Mr Kotchie told the Free Press that last week, Seacroft Hospital in Leeds had also refused to treat Michelle, as the distance for her to travel would be too far.
A spokesman for Castle Hill hospital, in Hull, said it could not comment on individual cases, only confirming that “the pain clinic at the hospital has no provision for overnight accommodation”.
Mr and Mrs Kotchie did run Oscar’s cafe on Bridge Street until Michelle’s condition worsened, leading Shaun to “just hand back the keys” of the business to the landlord in order to take care of his wife full time.

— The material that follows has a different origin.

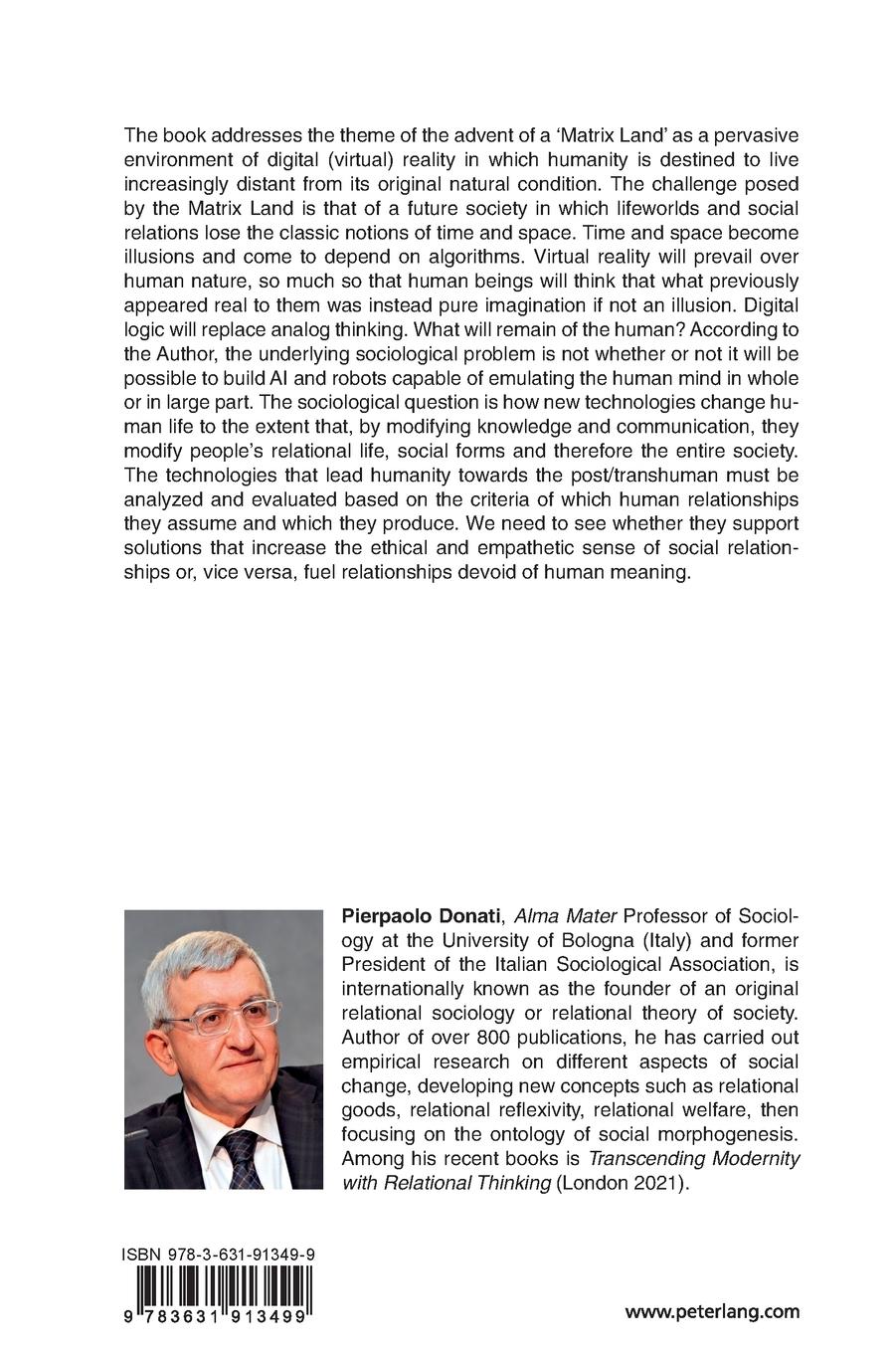 Rückseitencover Being Human in a Virtual Society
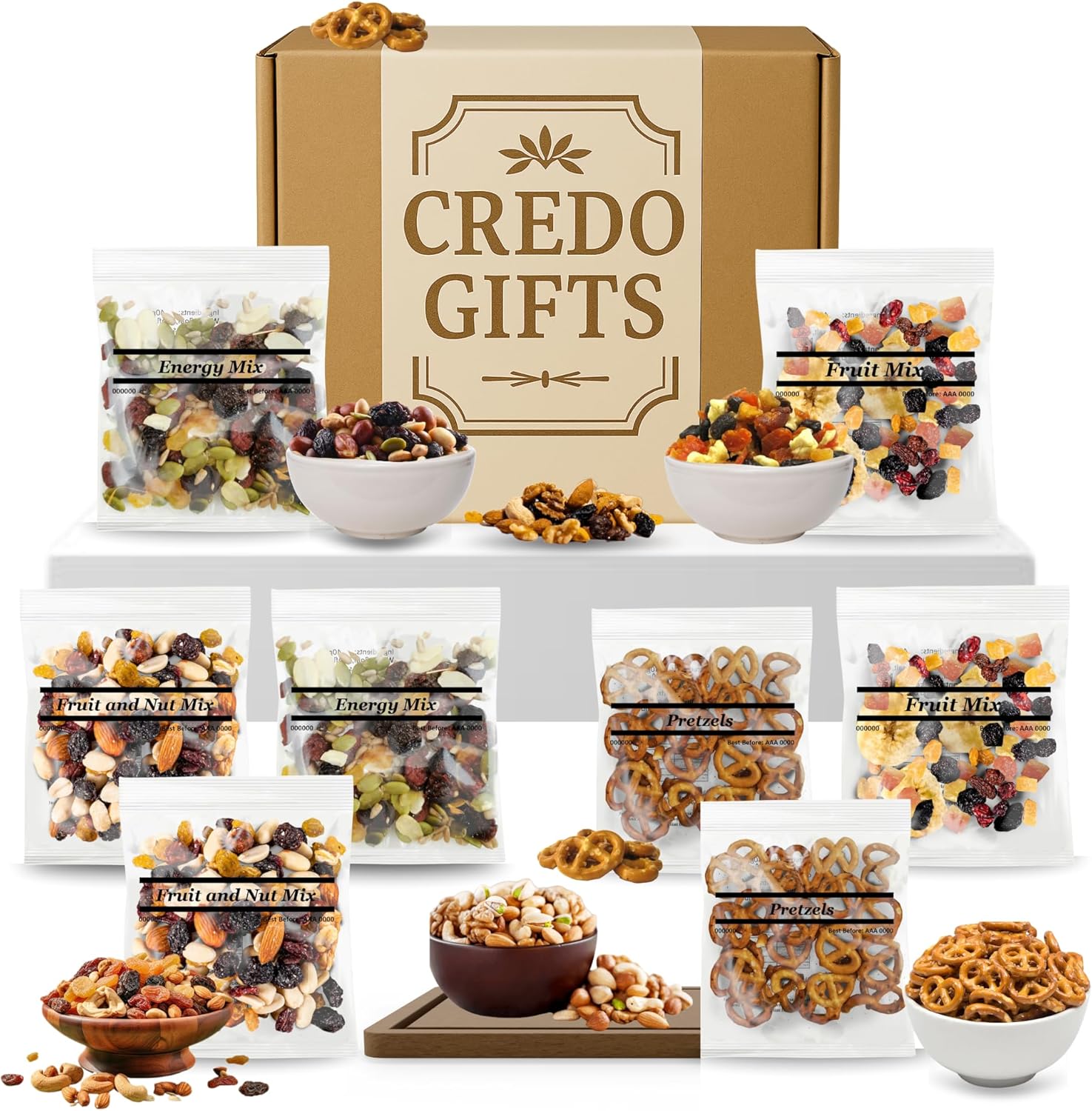 Ultimate Savory Snacks & Nuts Gift Set Hamper with Mini Pretzels, Energy Mix, Mixed Fruit and Nut, Mix Nuts Gifts Box, Healthy Snacks, Dried Fruit Gifts Basket, Fruits and Nut Gift Baskets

“Everyone deserves to be treated on the NHS so we cannot understand why nobody will take any responsibility and help Michelle,” continued Mr Kotchie.
“Michelle has developed Diabetes and a host of other medical problems because she is bed ridden.
“We have two carers coming in three times a day and a district nurse every week, surely it would be more cost effective for someone to take the responsibility and just get the treatment sorted.”
Mr Kotchie also said that Michelle had been in Hull Royal Infirmary for nearly a week earlier in the month for another medical problem – but was not offered the treatment they both say would “give them their lives back”.